Your objective: Omit the pictures found among the records and print everything else exactly as it stands.
▼
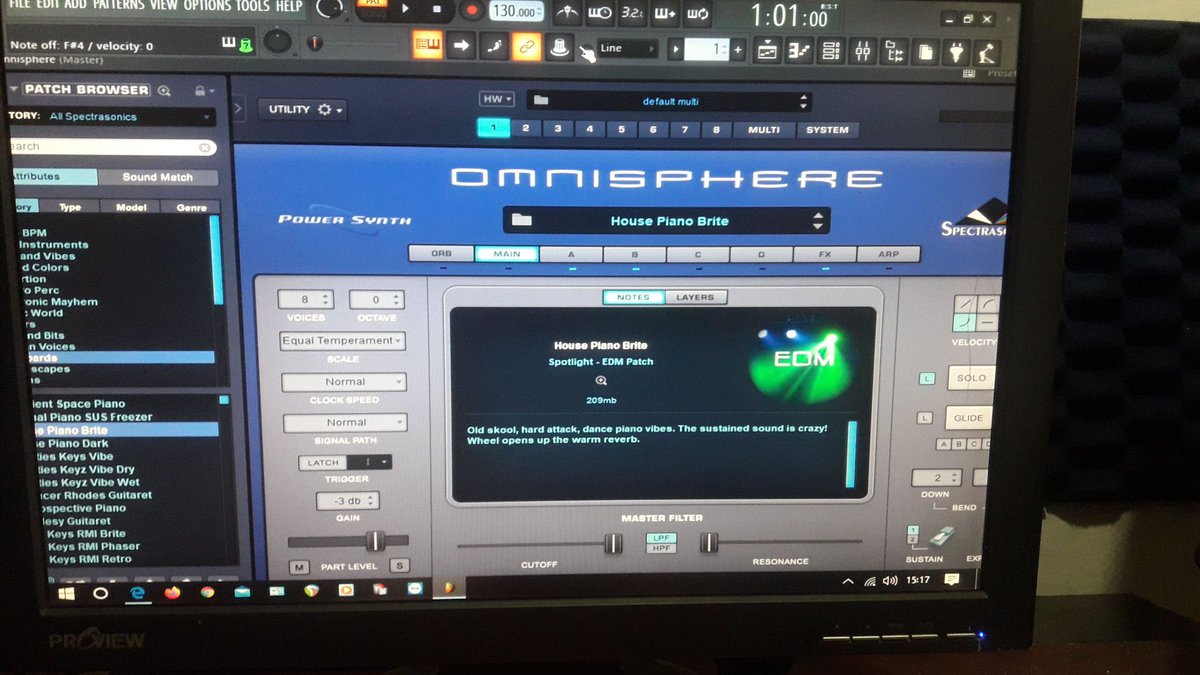 soundpackman's tweet photo. Sending out omnisphere 2 with 140 expansion banks for FREE today only for Mac and Pc Send a Dm for the link https://t.co/sQTiV4tziZ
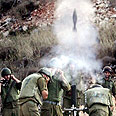 לוחמים. מלגות למצטיינים צילום: רויטרס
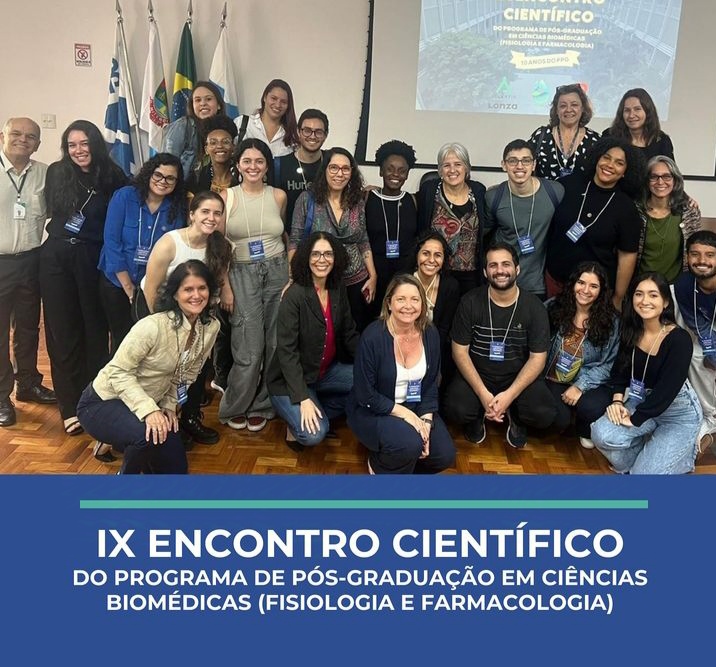 Encontros Científicos PPGCB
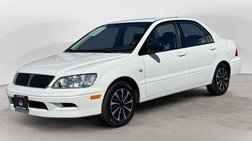 2002 Mitsubishi Lancer ES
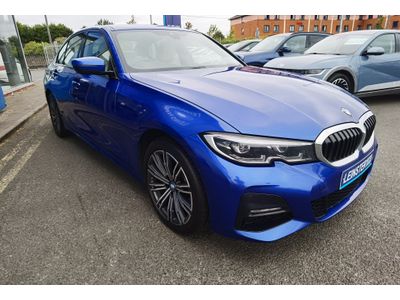 2021 BMW 3 Series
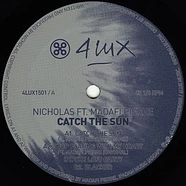 Nicholas Ft. Madafi Pierre - Catch The Sun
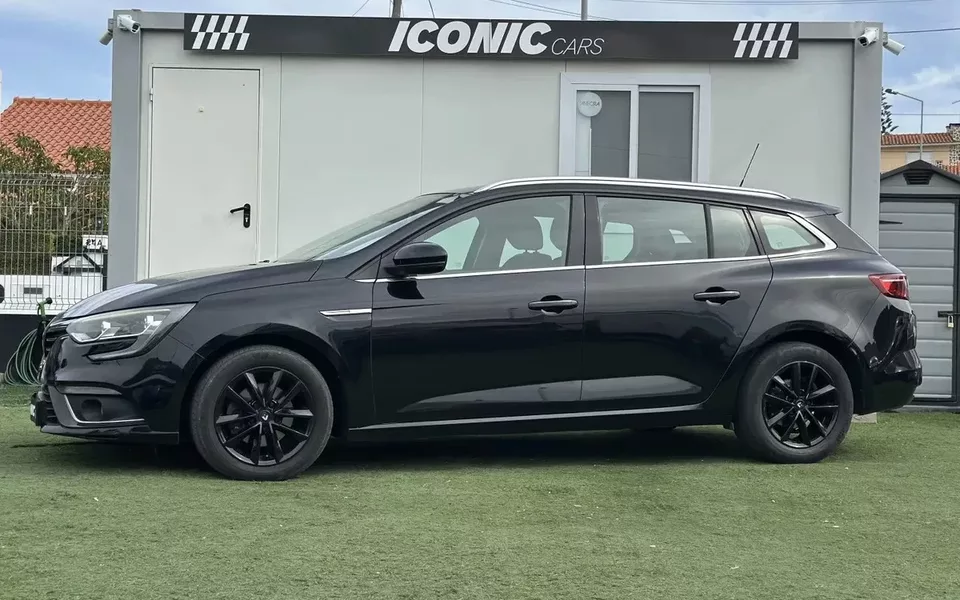 Renault Mégane Sport Tourer 1.5 dCi Intens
▲
Finished exercise:
 soundpackman's tweet photo. Sending out omnisphere 2 with 140 expansion banks for FREE today only for Mac and Pc Send a Dm for the link https://t.co/sQTiV4tziZ
 לוחמים. מלגות למצטיינים צילום: רויטרס
 Encontros Científicos PPGCB
 2002 Mitsubishi Lancer ES
 2021 BMW 3 Series
 Nicholas Ft. Madafi Pierre - Catch The Sun
 Renault Mégane Sport Tourer 1.5 dCi Intens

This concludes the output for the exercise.